What the task requires: With nothing added or dropped, copy the data that follows exactly.
======== Records to process
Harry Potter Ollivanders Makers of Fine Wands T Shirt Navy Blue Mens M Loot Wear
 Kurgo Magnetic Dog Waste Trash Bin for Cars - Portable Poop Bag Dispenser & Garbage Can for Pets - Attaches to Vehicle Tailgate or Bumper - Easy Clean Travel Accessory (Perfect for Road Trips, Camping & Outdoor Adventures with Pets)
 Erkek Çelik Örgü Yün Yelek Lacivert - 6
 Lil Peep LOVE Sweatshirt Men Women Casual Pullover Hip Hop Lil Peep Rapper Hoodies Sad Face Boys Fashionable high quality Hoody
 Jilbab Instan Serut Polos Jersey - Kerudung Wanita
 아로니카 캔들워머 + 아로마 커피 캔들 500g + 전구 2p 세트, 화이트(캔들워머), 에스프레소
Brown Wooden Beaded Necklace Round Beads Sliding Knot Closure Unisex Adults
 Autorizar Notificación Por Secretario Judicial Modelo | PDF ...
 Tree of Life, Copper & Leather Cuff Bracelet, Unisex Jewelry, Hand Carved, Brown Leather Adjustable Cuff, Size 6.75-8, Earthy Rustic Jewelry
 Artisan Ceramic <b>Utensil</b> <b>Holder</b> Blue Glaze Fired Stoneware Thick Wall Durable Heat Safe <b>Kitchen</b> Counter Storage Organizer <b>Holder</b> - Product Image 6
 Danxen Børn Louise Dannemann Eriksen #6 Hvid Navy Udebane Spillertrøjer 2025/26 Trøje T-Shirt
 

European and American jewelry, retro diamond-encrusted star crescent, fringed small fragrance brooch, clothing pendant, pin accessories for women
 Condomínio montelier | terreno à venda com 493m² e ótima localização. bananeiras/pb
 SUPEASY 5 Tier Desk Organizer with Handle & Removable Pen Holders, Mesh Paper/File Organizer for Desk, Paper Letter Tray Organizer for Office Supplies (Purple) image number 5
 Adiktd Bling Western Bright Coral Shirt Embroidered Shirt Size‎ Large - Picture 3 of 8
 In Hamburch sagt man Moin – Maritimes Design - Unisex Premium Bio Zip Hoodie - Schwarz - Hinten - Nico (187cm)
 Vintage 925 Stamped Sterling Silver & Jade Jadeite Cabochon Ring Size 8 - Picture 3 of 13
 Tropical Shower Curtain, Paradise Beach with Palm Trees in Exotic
================
Problem solution:
Harry Potter Ollivanders Makers of Fine Wands T Shirt Navy Blue Mens M Loot Wear
 Kurgo Magnetic Dog Waste Trash Bin for Cars - Portable Poop Bag Dispenser & Garbage Can for Pets - Attaches to Vehicle Tailgate or Bumper - Easy Clean Travel Accessory (Perfect for Road Trips, Camping & Outdoor Adventures with Pets)
 Erkek Çelik Örgü Yün Yelek Lacivert - 6
 Lil Peep LOVE Sweatshirt Men Women Casual Pullover Hip Hop Lil Peep Rapper Hoodies Sad Face Boys Fashionable high quality Hoody
 Jilbab Instan Serut Polos Jersey - Kerudung Wanita
 아로니카 캔들워머 + 아로마 커피 캔들 500g + 전구 2p 세트, 화이트(캔들워머), 에스프레소
Brown Wooden Beaded Necklace Round Beads Sliding Knot Closure Unisex Adults
 Autorizar Notificación Por Secretario Judicial Modelo | PDF ...
 Tree of Life, Copper & Leather Cuff Bracelet, Unisex Jewelry, Hand Carved, Brown Leather Adjustable Cuff, Size 6.75-8, Earthy Rustic Jewelry
 Artisan Ceramic <b>Utensil</b> <b>Holder</b> Blue Glaze Fired Stoneware Thick Wall Durable Heat Safe <b>Kitchen</b> Counter Storage Organizer <b>Holder</b> - Product Image 6
 Danxen Børn Louise Dannemann Eriksen #6 Hvid Navy Udebane Spillertrøjer 2025/26 Trøje T-Shirt
 

European and American jewelry, retro diamond-encrusted star crescent, fringed small fragrance brooch, clothing pendant, pin accessories for women
 Condomínio montelier | terreno à venda com 493m² e ótima localização. bananeiras/pb
 SUPEASY 5 Tier Desk Organizer with Handle & Removable Pen Holders, Mesh Paper/File Organizer for Desk, Paper Letter Tray Organizer for Office Supplies (Purple) image number 5
 Adiktd Bling Western Bright Coral Shirt Embroidered Shirt Size‎ Large - Picture 3 of 8
 In Hamburch sagt man Moin – Maritimes Design - Unisex Premium Bio Zip Hoodie - Schwarz - Hinten - Nico (187cm)
 Vintage 925 Stamped Sterling Silver & Jade Jadeite Cabochon Ring Size 8 - Picture 3 of 13
 Tropical Shower Curtain, Paradise Beach with Palm Trees in Exotic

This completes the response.